TASK INSTRUCTIONS:
Please give back the listing below word for word, without the images.
** Opening INPUT RECORDS block **
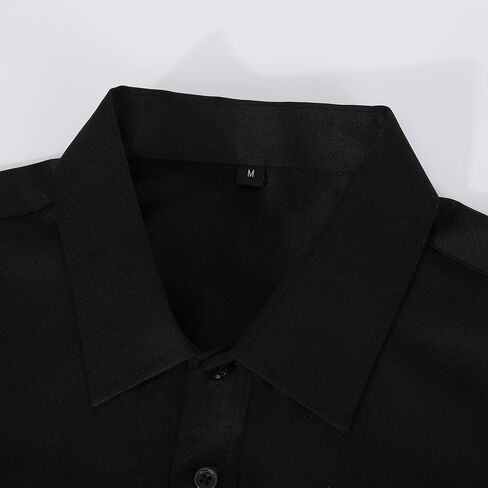 Men's Dress Shirt for Business & Casual - Black Button Long Sleeve - Office, Wedding, Dates Shirts in Saudi Arabia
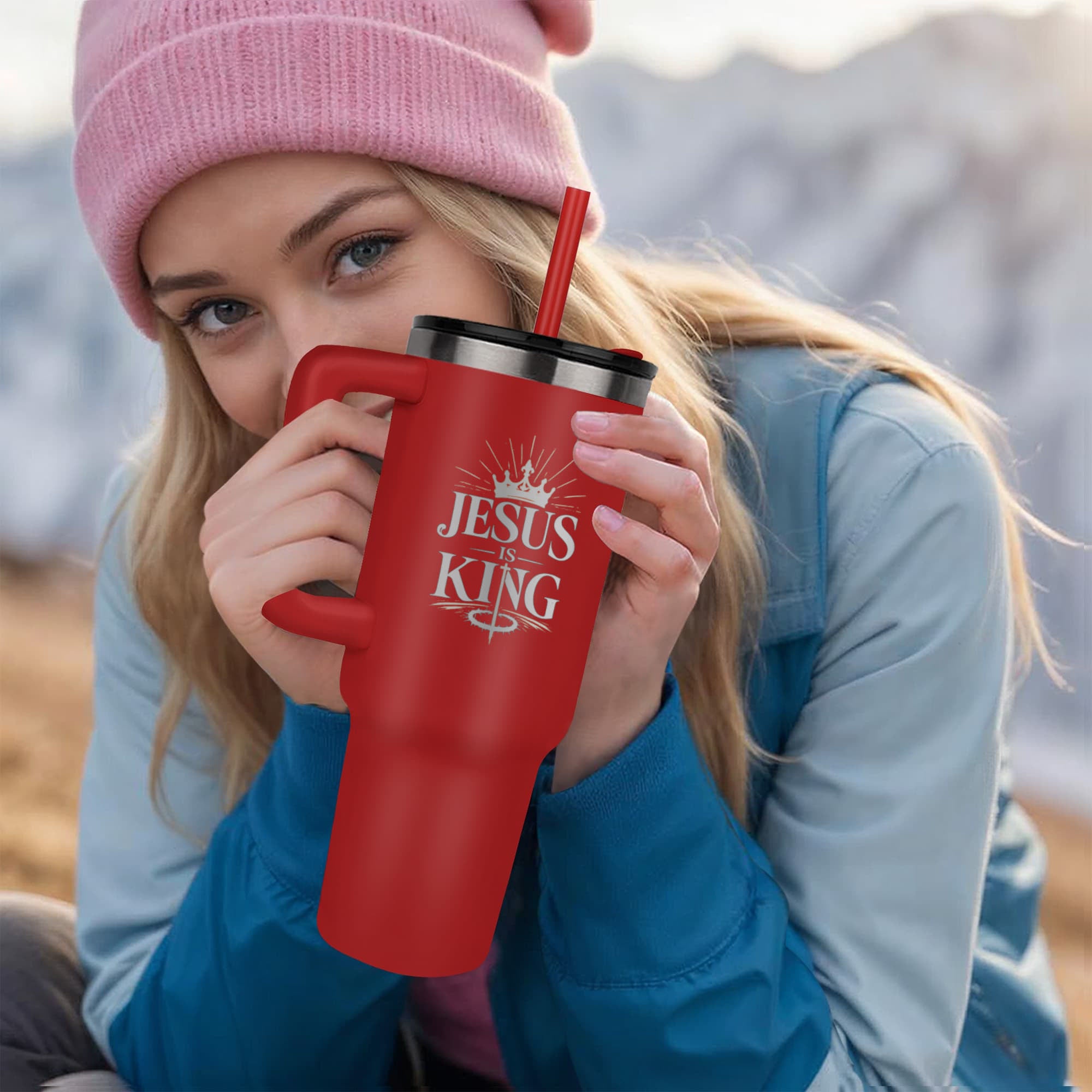 Jesus Is King Christian Tumbler | Faith-Based Stainless Steel Travel Mug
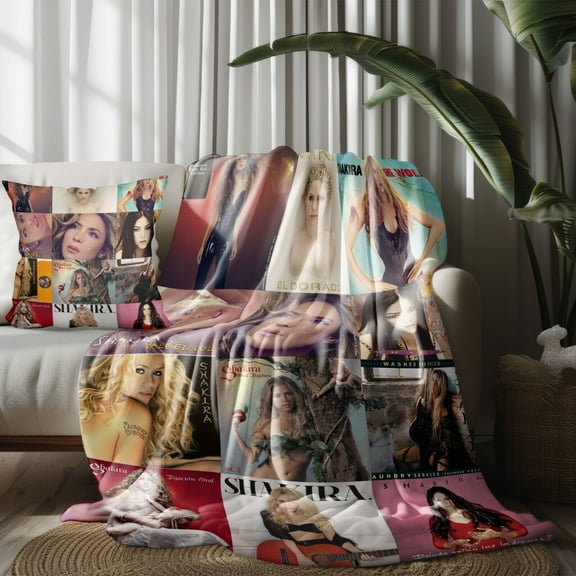 Throw Blanket and Pillowcase Set of 2，Shakira Thin Bed Couch Decor Kids Adult Nap Micro Fleece Fuzzy Blankets Bedroom Car All Season Birthday Gifts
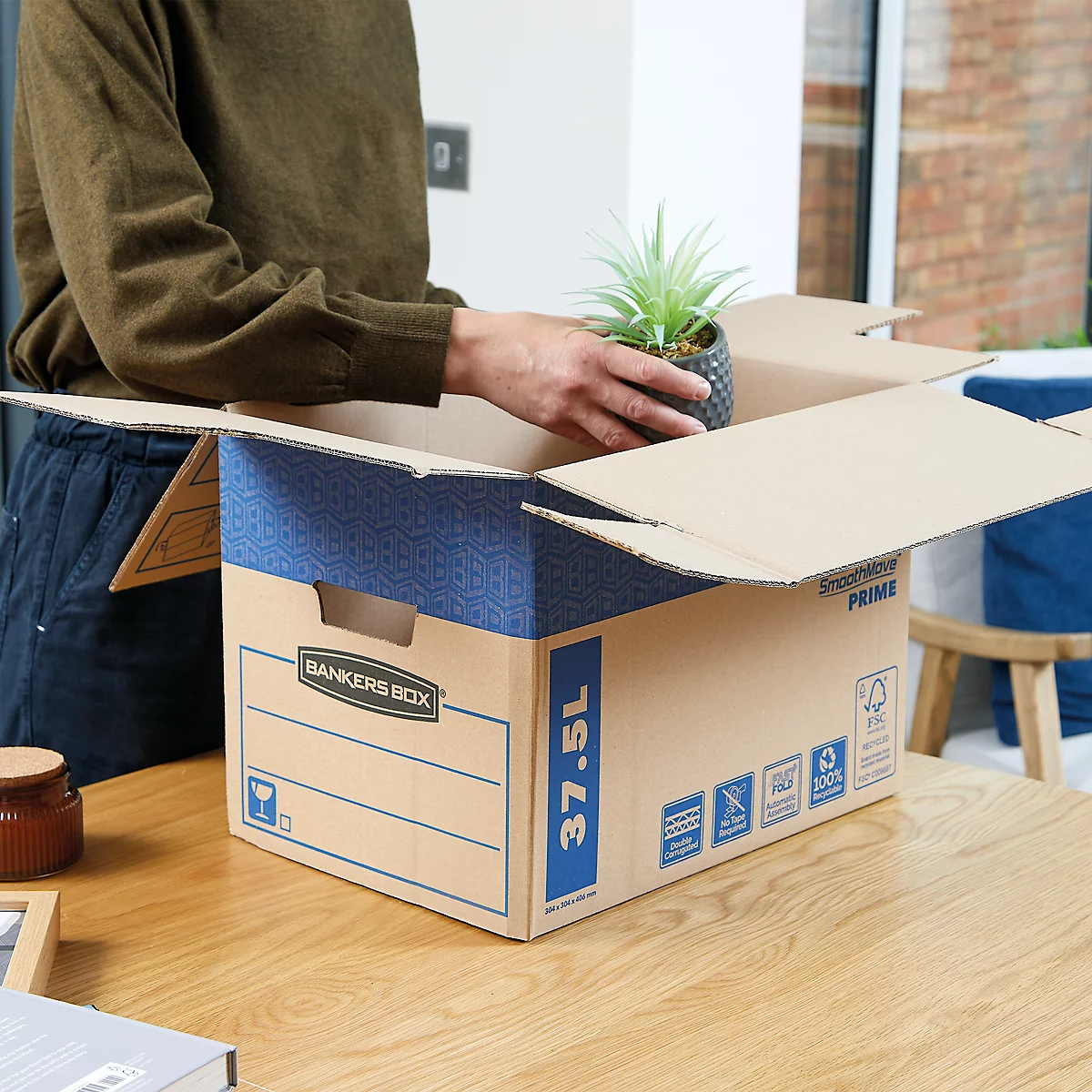 SmoothMove Carton de déménagement FastFold, 37,5 L, carton ondulé 2 plis, H 310 x L 327 x P 429 mm, 5 pièces, marron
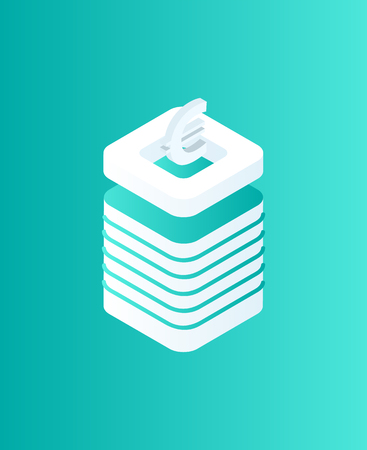 Blockchain euro currency isometric isolated icon 3d vector. European money cash logotype on top of plates making pedestal. Mining and investing coinsのイラスト素材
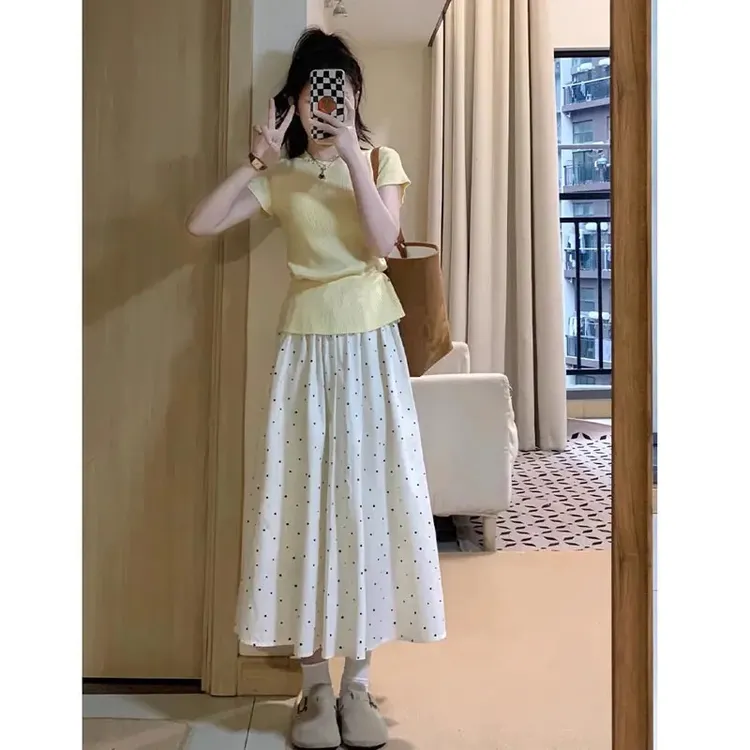 法式气质波点半身裙女夏季2025新款小个子高腰a字显瘦休闲长裙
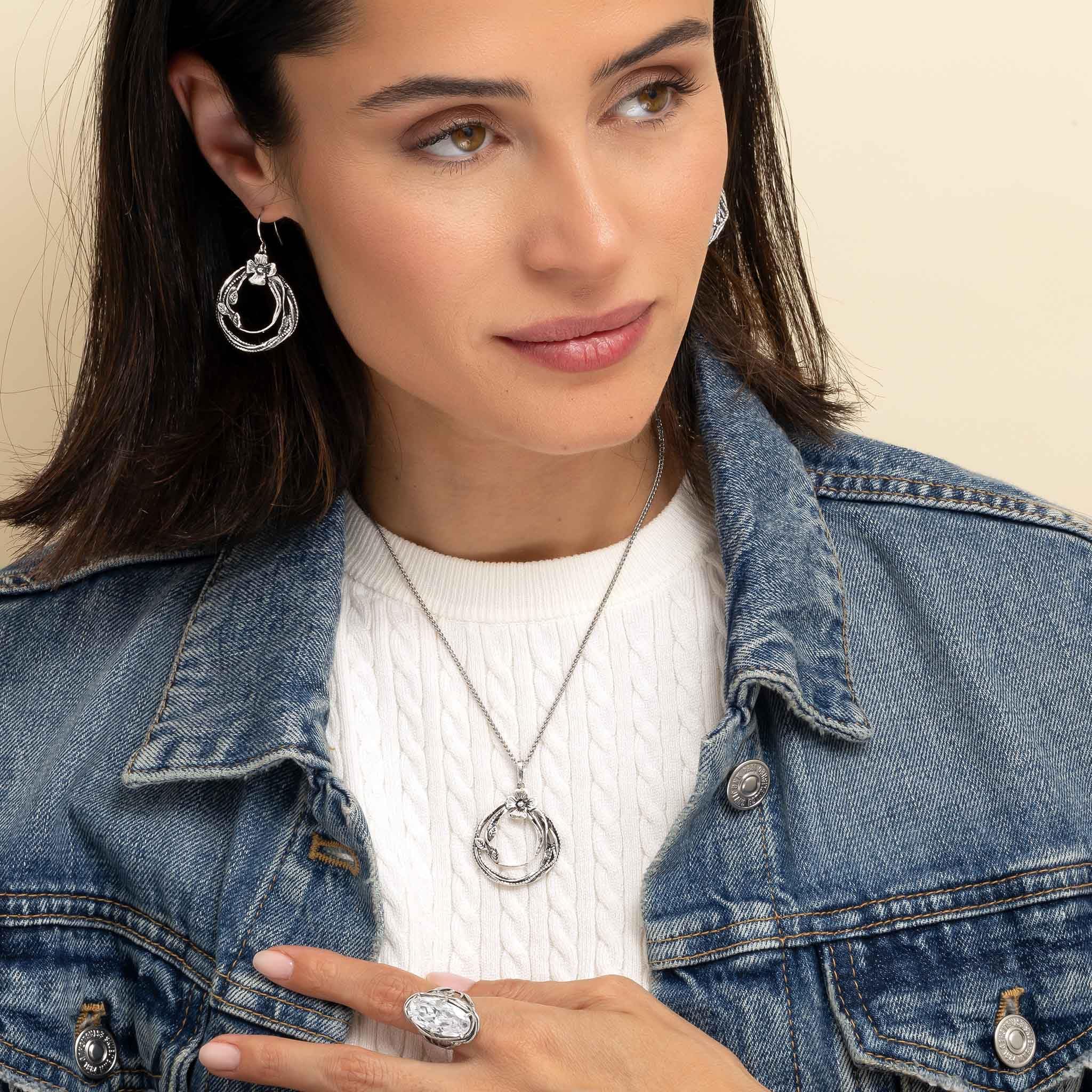 JEAN RACHEL JEWELRY Halskette aus 925er-Sterlingsilber für Damen – Blumendraht, einzigartiges Vintage-Design, hypoallergen, blei- und nickelfrei, handgefertigter Statement-Halskette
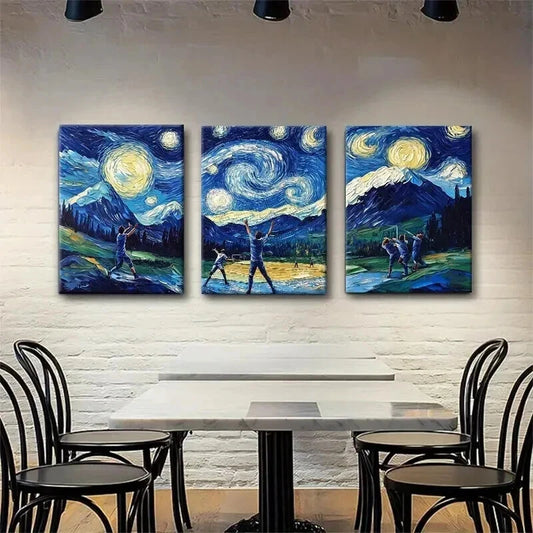3pcs Baseball Starry Gogh Style Night Perfect Wall Art Set Canvas Framed 40x60cm - High Quality Print 100% Australian Made Wall Canvas Ready to Hang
** Closing INPUT RECORDS block **
RESPONSE TO THE TASK:
 Men's Dress Shirt for Business & Casual - Black Button Long Sleeve - Office, Wedding, Dates Shirts in Saudi Arabia
 Jesus Is King Christian Tumbler | Faith-Based Stainless Steel Travel Mug
 Throw Blanket and Pillowcase Set of 2，Shakira Thin Bed Couch Decor Kids Adult Nap Micro Fleece Fuzzy Blankets Bedroom Car All Season Birthday Gifts
 SmoothMove Carton de déménagement FastFold, 37,5 L, carton ondulé 2 plis, H 310 x L 327 x P 429 mm, 5 pièces, marron
 Blockchain euro currency isometric isolated icon 3d vector. European money cash logotype on top of plates making pedestal. Mining and investing coinsのイラスト素材
 法式气质波点半身裙女夏季2025新款小个子高腰a字显瘦休闲长裙
 JEAN RACHEL JEWELRY Halskette aus 925er-Sterlingsilber für Damen – Blumendraht, einzigartiges Vintage-Design, hypoallergen, blei- und nickelfrei, handgefertigter Statement-Halskette
3pcs Baseball Starry Gogh Style Night Perfect Wall Art Set Canvas Framed 40x60cm - High Quality Print 100% Australian Made Wall Canvas Ready to Hang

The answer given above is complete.